BLACK AND WHITE ART AND PHOTOGRAPHY
Black and white art gives an incredible amount of freedom when decorating your home. You can pair black and white pieces with nearly any other type of art and, and they look good regardless of how you hang them. Black and white art has never been questioned, but black and white photography was expected to die off.
Many believed that black and white photography would cease to exist after the invention of color film in the 1970’s Color photography became popular among the public, and black and white film sales declined. It was predicted that black-and-white photography would cease to exist but turned out to be unfounded.
In most cases color photography reveals the actuality and has the ability to communicate the subject more straightforwardly. It can appear to be more accurate, descriptive and informative with regard to how the subject matter is conveyed, especially when the color used in the photograph matches the color in reality. It is an undeniable fact that color (or the absence of color) plays a significant role in how we see and perceive things. Since we have to use our own imagination, experience and knowledge to see color in black-and-white, we interpret things differently. According to Elliott Erwitt, “Color is descriptive. Black and white is interpretive.”
Human eyesight responds to brightness and differences in colors and is extremely sensitive to green, yellow and red. Without the use of color, viewers are likely to focus more on the subject matter and the emotional response it creates, making them stop to look closer and longer.
“I don’t keep color pictures for my ‘personal exposures.’ Color is for work. My life is already too complicated, so I stick to black-and-white. It’s enough. Black-and-white is what you boil down to get the essentials; it’s much more difficult to get right. Color works best for information."

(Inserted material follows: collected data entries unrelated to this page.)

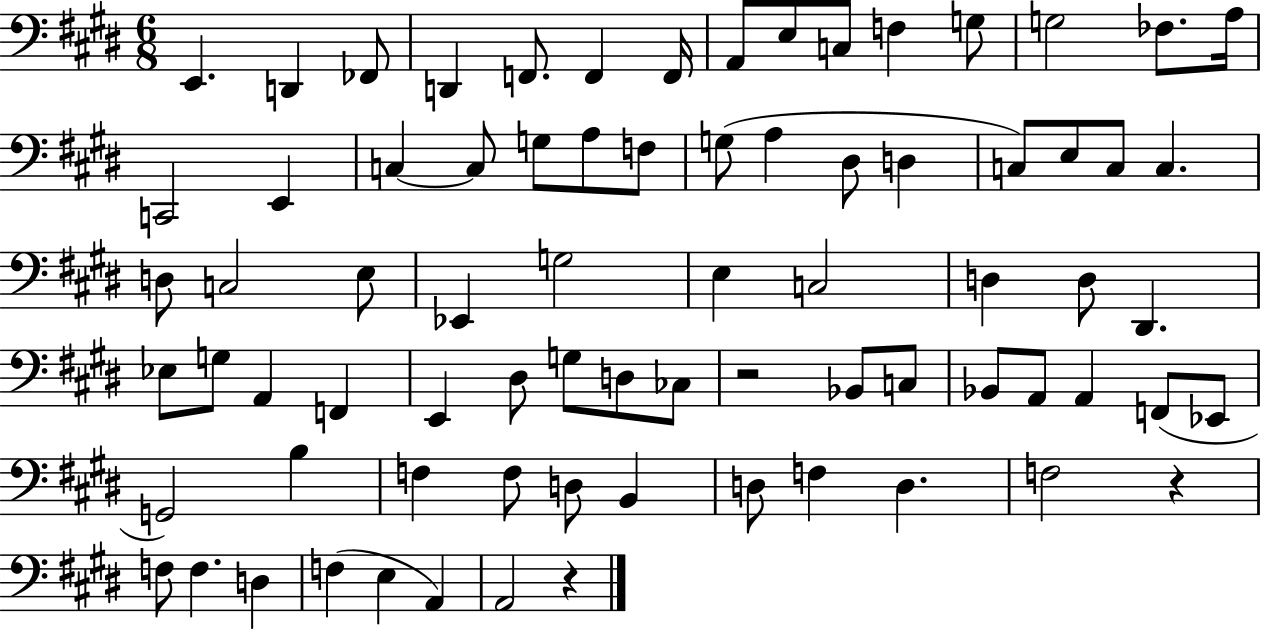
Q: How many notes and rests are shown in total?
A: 76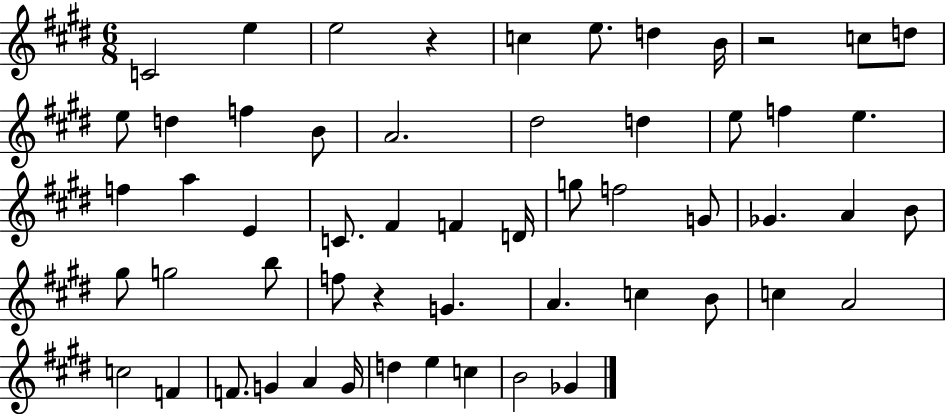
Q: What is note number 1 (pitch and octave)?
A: C4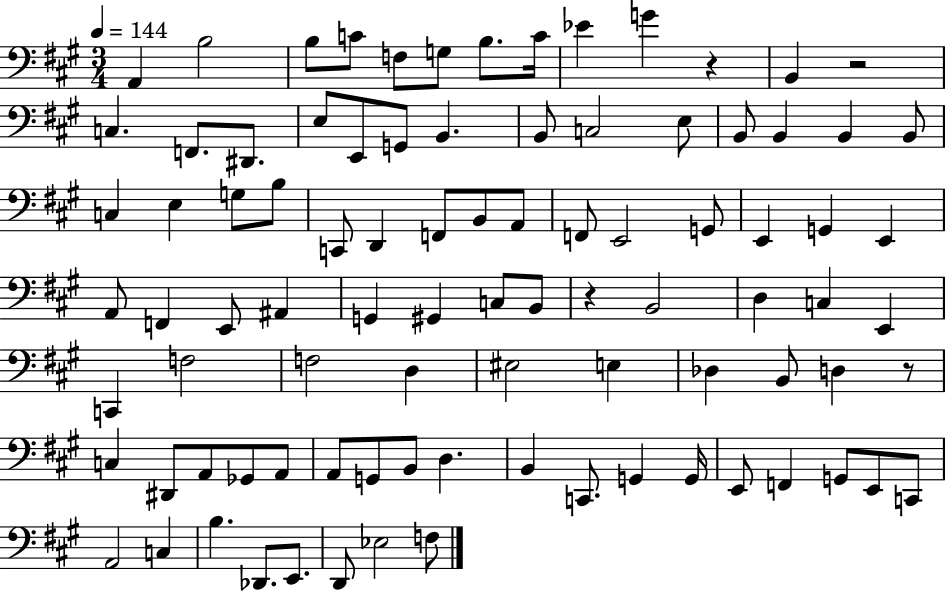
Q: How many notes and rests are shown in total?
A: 91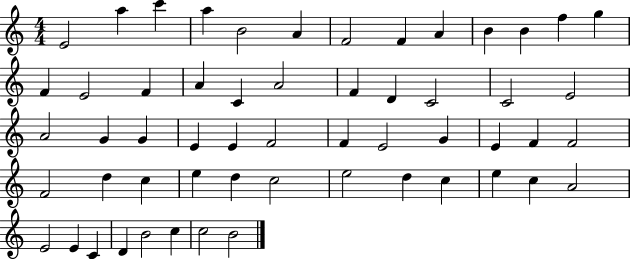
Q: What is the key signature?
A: C major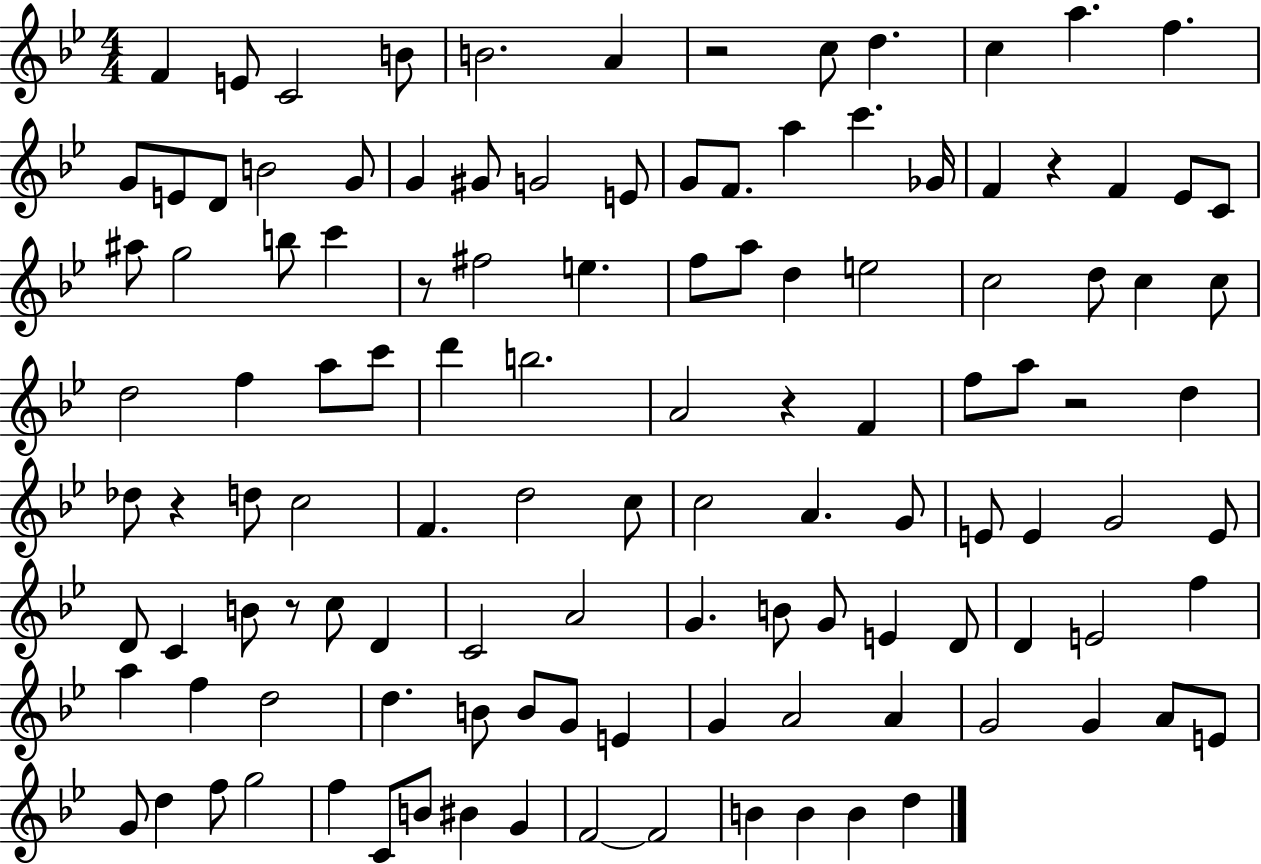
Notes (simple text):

F4/q E4/e C4/h B4/e B4/h. A4/q R/h C5/e D5/q. C5/q A5/q. F5/q. G4/e E4/e D4/e B4/h G4/e G4/q G#4/e G4/h E4/e G4/e F4/e. A5/q C6/q. Gb4/s F4/q R/q F4/q Eb4/e C4/e A#5/e G5/h B5/e C6/q R/e F#5/h E5/q. F5/e A5/e D5/q E5/h C5/h D5/e C5/q C5/e D5/h F5/q A5/e C6/e D6/q B5/h. A4/h R/q F4/q F5/e A5/e R/h D5/q Db5/e R/q D5/e C5/h F4/q. D5/h C5/e C5/h A4/q. G4/e E4/e E4/q G4/h E4/e D4/e C4/q B4/e R/e C5/e D4/q C4/h A4/h G4/q. B4/e G4/e E4/q D4/e D4/q E4/h F5/q A5/q F5/q D5/h D5/q. B4/e B4/e G4/e E4/q G4/q A4/h A4/q G4/h G4/q A4/e E4/e G4/e D5/q F5/e G5/h F5/q C4/e B4/e BIS4/q G4/q F4/h F4/h B4/q B4/q B4/q D5/q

Black-and-white photographs emphasize subjects, light, shade and outlines. Instead of seeing the real life image in color, you see different intensities of shades, where one thing is highlighted and another is overlaying. This opens the piece to interpretation by the viewer. In most cases, you stare longer at a black ad white photograph. It is more emotional, has more layers of depth.
BLACK AND WHITE DECOR
When designing a home, black has gotten a bad rap. People tend to think black is depressing but this is not the case. The reality is that at least a little bit a black is essential in every room. It's dramatic, stylish, and provides a grounding effect that is necessary for every interior. Black has the unique ability to define art, object, rooms and more. Whether you create a sleek and modern room or an elegant and feminine one, black can be whatever you want it to be. It’s the only color that lay claim to this fun feature. Black can be feminine, serious, fun, severe, or romantic. It's all about how you use it.
Using Black as an Accent
We’ve said t's important that every room have just a little bit of black. Here’s the really cool thing about black; it has a grounding effect that gives the eye a place to rest. Your eye will automatically find black objects before it hones in on light and airy colors. If you’ve ever left a retail store and felt tired from all the stimulation, it’s the visual activity of the eye that causes most of that.
How much black should I use? You don't need a lot, just enough to tie things together. A few black picture frames on a wall, a black coffee table, a black tray or vase, or even something as simple as a black pillow. Even better? Do all of these things. It’s always a good idea to use color repetition when decorating. It creates a more unified, well-thought out look.
So, you have many pieces that don’t really go together, or your room just doesn’t mesh. Now what?! If you use black as an accent, it can tie a whole lot of pieces together that otherwise don't mesh. For example, you have a bunch of photos or pieces of art that are different styles and colors. You can make it look attractive and appealing by putting them all in black frames. All those pieces of art and photos now becomes a unit, a collection.
Here’s the Rules for Decorating With Black
If you're decorating with black and white be sure to use a mixture of large, small, and medium scale patterns along with solid black and solid white to create visual interest and depth.
If black is your dominant color (the wall color for example) add some architectural details like crown molding, a picture rail or wainscoting to keep it from looking flat.
Use an accent color in a black room to punch it up and keep it from being too stark. Anything goes. Add a bold pink or orange for excitement, baby blue or green for softness, or try gold or silver for glamorous sophistication (mirrored furniture and crystal accents are also great for that "Hollywood glam" look).
Think of a black room as you would a little black dress. It's a great foundation but you need accessories to give it life. Plan your room as you would an outfit.